CHARLESTON, West Virginia: The education reform plan forwarded by West Virginia Governor Earl Ray Tomblin (D) in his State of the State address reached both chambers of the West Virginia State Legislature on the same day. The bill arrived as House Bill 2725 in the House of Delegates and Senate Bill 259 in the State Senate. The bill was introduced in the Senate by Majority Leader John Unger (D), and is expected to be one of the major issues of this session.[1]

Tomblin's bill would expand preschool for 4-year-olds to a statewide program and allow schools to move to year-round schooling calendars, which is already practiced by some school districts in the state. The proposed bill would also require 180 days of schooling and remove the limitations on the 12 days set aside for teacher training and parent-teacher conferences. Finally, the bill would reform some teacher hiring practices, allow Teach for America candidates to fill teaching positions, and improve transferability of credit from high schools to colleges.[2]

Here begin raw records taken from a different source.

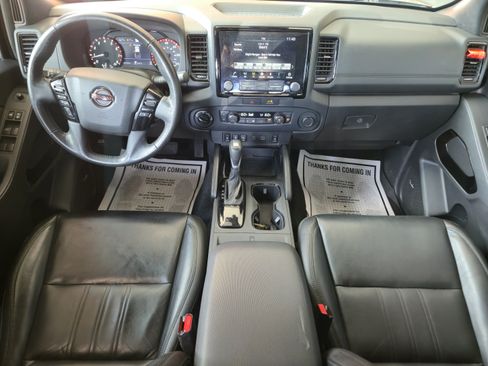 Used 2022 Nissan Frontier PRO-4X w/ Pro-4X Premium Package AWD/4WD image 17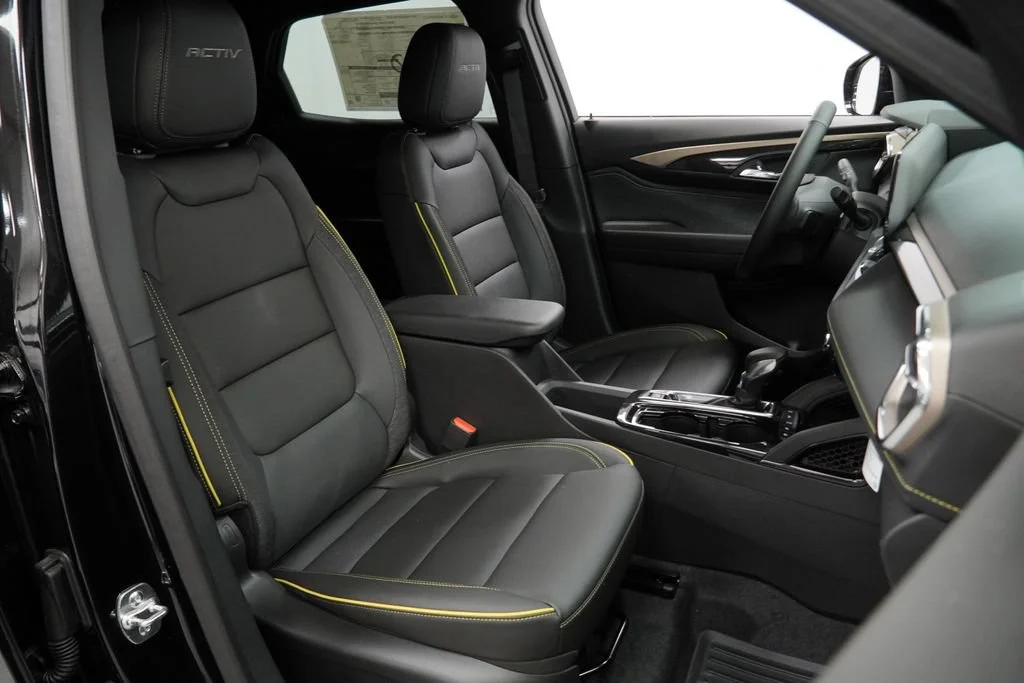 New 2026 Mosaic Black Metallic Chevrolet ACTIV image 28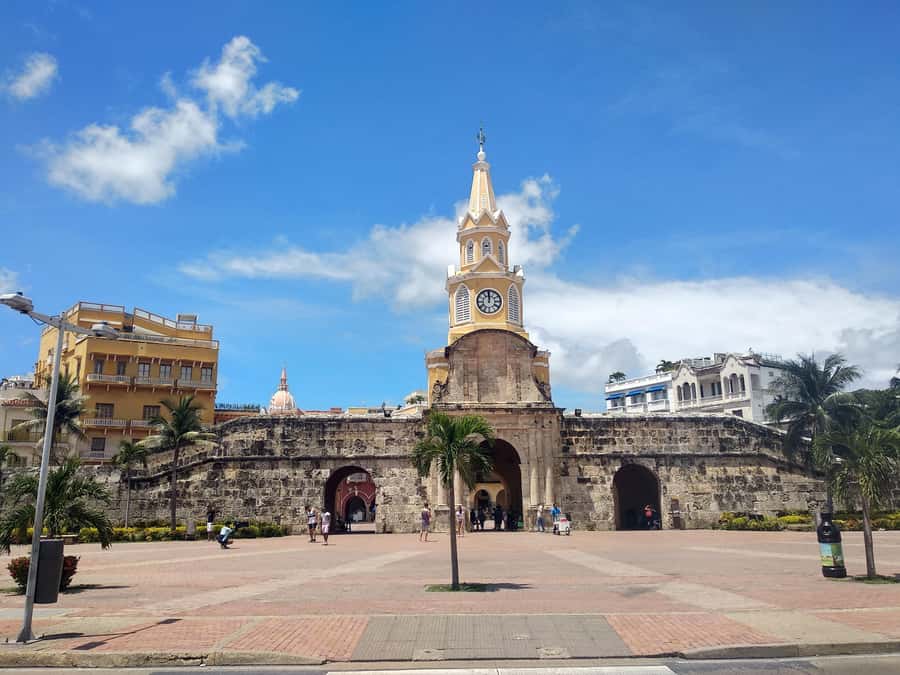 Cartagena: Private City Tour in an Air-Conditioned Vehicle - Manga’s early 20th-century mansions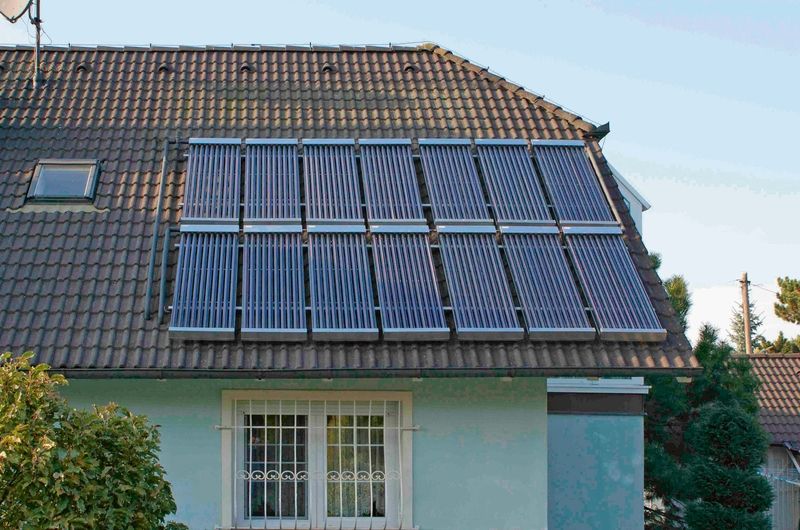 Solární kolektory se nejčastěji instalují na střechu.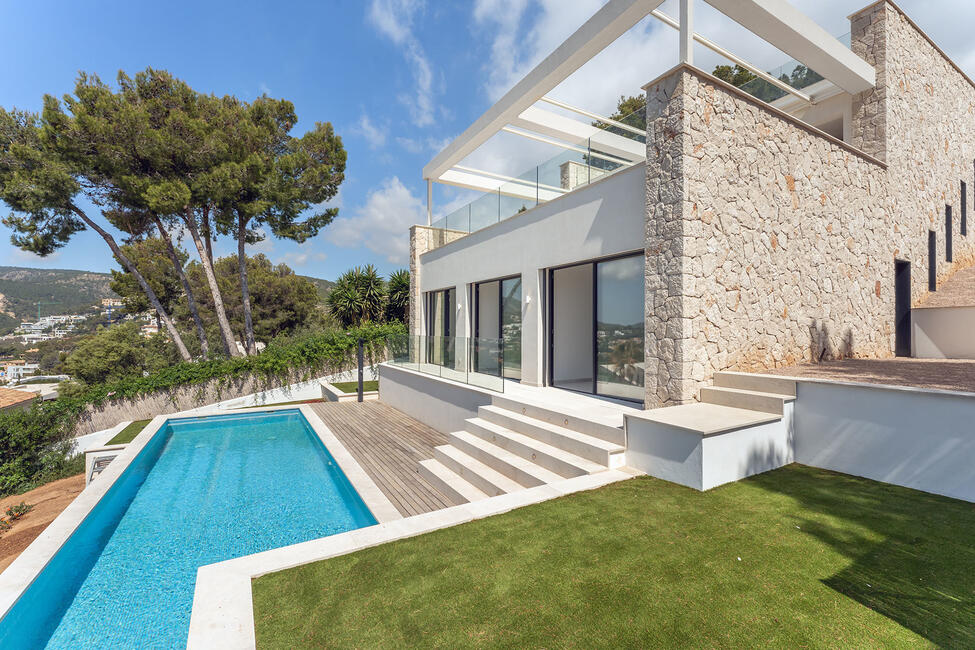 Elegant newly built villa with fantastic sea views in Portals Nous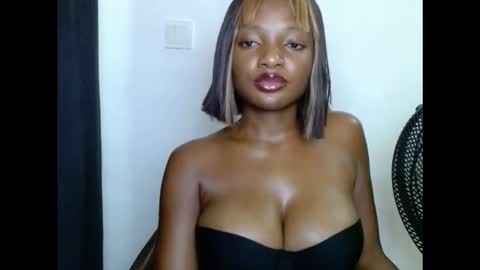 pussyxwetx online show from November 2025 09:13:02 PM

The bill received some support from the West Virginia Chamber of Commerce, but also a significant amount of resistance from teachers' unions. Both the West Virginia Education Association and American Federation of Teachers-West Virginia praised the expanded preschool measures, but had harsher critiques for the rest of the legislation. The reforms to hiring practices, allowing Teach for America instructors, and the lack of decentralization particularly raised the ire of the union leaders.[1][3]